GAITHERSBURG, MD. — Harvey Hottel, Inc., a highly diversified mechanical contractor headquartered here has been in business for 70 years. For the past 20, they have been doing geothermal installations.
“It was a pioneer market back then,” Dick Hottel, company CEO said. Hottel is the second of three generations to run the company (and is planning to move to a consultant role within the next few years when his sons take over). He has seen geothermal grow from small, high-end residential jobs to large-scale commercial jobs, while the technology involved has advanced by leaps and bounds.
In the last five years, however, Hottel has really seen the market for geothermal take off in Maryland. “Based on my 50 years in the business,” Hottel said, “this is the greatest market I’ve ever seen… it’s been very good for us.”
Promotions and subsidies from the state of Maryland have been important factors in the rise of the geothermal market. A perfect example is the job Harvey Hottel, Inc., did for the Kentlands Community Center in August-September of 2013.
The center is a 9,000-sq. ft., two-story building with a high glass ratio. The building had a 15-year-old air-source cooling system with a gas furnace heating system that was nearing the end of its service life.
“It’s a high-end community,” Dick Hottel explained, “with all types of houses… and a very active group. They wanted to see if they could do a geothermal application.”

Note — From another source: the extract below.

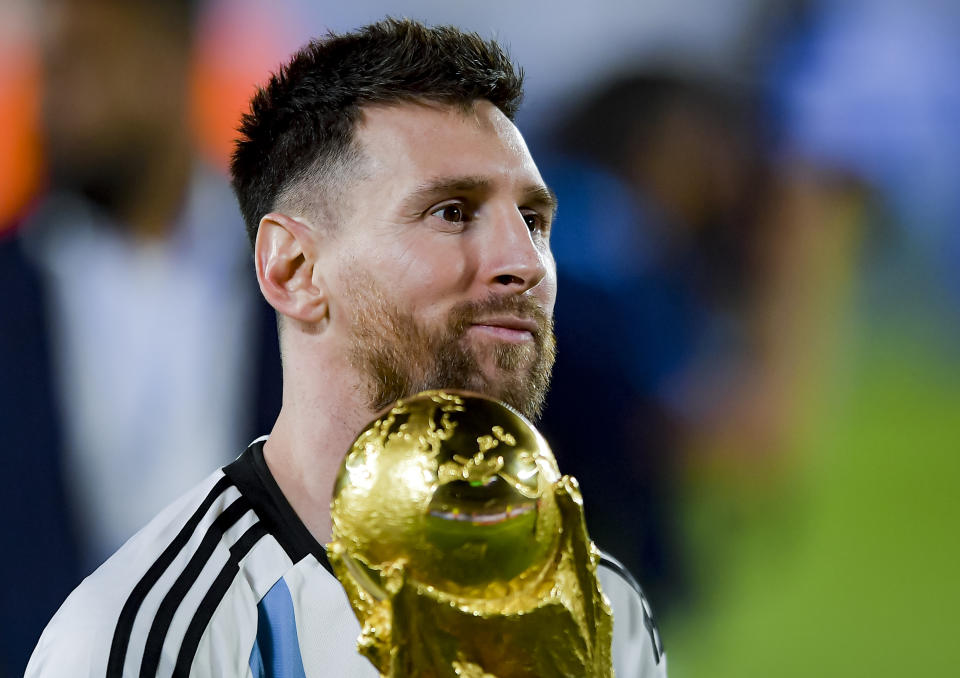 BUENOS AIRES, ARGENTINA - MARCH 23:  Lionel Messi of Argentina holds the FIFA World Cup trophy during World Champions' celebrations after an international friendly between Argentina and Panama at Estadio Mas Monumental Antonio Vespucio Liberti on March 23, 2023 in Buenos Aires, Argentina. (Photo by Marcelo Endelli/Getty Images)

Harvey Hottel, Inc., entered into a design competition for the job. At about the same time the state of Maryland announced its “Game Changer” grant competition. The design team at Harvey Hottel, working with the Mike Heavener of GeoSolar Energy (and a Bosch Thermotechnology rep) decided to submit an application.
“So I made a deal with [Kentlands]: if I get this grant for you, I get to do the job, and they agreed,” Dick Hottel said. “The total project was $277,000, and the grant was for 43 percent — about $120,000 they got in a grant!” The managers of the center say that without the grant they would probably have delayed the job for a year or two.

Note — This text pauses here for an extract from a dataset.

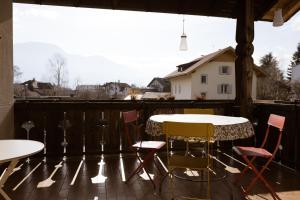 een patio met een tafel en stoelen op een balkon bij Schöne Wohnung am Stadtrand von Meran Valentinhof in Merano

What made the design a winner with both the state and the Kentlands community was the use of two vertical standing column wells connected in an open loop for the geothermal source. Engineers estimated that a more conventional open-loop system might require as many as 20 wells. And those wells would have been difficult to drill.
“The high level of rock would have made horizontal drilling [for a closed loop system] very difficult,” Hottel said.
Additionally, a standing column system is able to take advantage of heat transfer through conduction, convection and advective heat transfer. The wells were drilled 950-ft. deep into granite and cased to 100-ft. Here the high level of rock actually became an asset. Without it, the casing would have needed to extend all the way down, increasing the cost of the project.
The static water level settled at 14-ft. with a pumping yield of 4 gallons per minute, which was optimal for the final system. “It’s a standing column of water,” Hottel said. “You have a pump down there about halfway, and you’re drawing water from the bottom up, and putting it back in at the top… almost like an open well, but you’re not drawing that high volume of water. It works well.”
The submersible pumps were 2 hp units from Grundfos with variable frequency drive to improve system efficiency. The pumps drew water through a 2” Porter Shroud.
Harvey Hottel, Inc., installed four 6-ton geothermal FHP heat pumps from Bosch Thermotechnology, two single-stage and two two-stage (model numbers ES 070-3 and ES 071-3), to provide better zone control. “We put the [two-stage] units where we had a load that varies,” Dick Hottel said.
Being a retrofit, Hottel had to contend with the old heat distribution system, which meant a lot of work on the old ducts in the attic. “We had to take sections of the ceiling out,” Hottel said. “It was tricky, but we’re used to doing that kind of work.” The building was also in use during the entire retrofit, meaning technicians had to work around the occupants.
The final control set up was a Wi-Fi-enabled, intelligent system that can be monitored and controlled from any browser window. “We can read it remotely from our service center,” Hottel said. “We can even tell the temperature of water coming from the standing column.”
The leaders and facility managers at the Kentlands Community Center have been very satisfied with the performance of their new geothermal system. Even during the extreme “polar vortex” winter of 2013-2014, the supply water to the heat pumps averaged 46°F, providing abundant thermal energy for the heat pumps.
Dick Hottel and his design staff were also pleased that their energy savings estimations came in on the money. “They asked us how much they were going to save in utilities,” Hottel said, “and we estimated 40 percent. Well, after the first year they did their own energy calculations and it came out to exactly 40 percent savings!”
This is not the first standing column geothermal design to prove a success for Harvey Hottel, Inc., and Dick Hottel feels confident it is far from the last. Economical, suitable for the rocky terrain of the mid-Atlantic states, and combining the best traits of open- and closed-loop systems, he sees many more standing column wells in his company’s future.
“In this town, we’ve got a big market. Also in Northern Virginia, D.C…. I don’t think there’s anyone else doing large commercial projects with standing column,” Hottel said. “I feel we have a real niche market there.”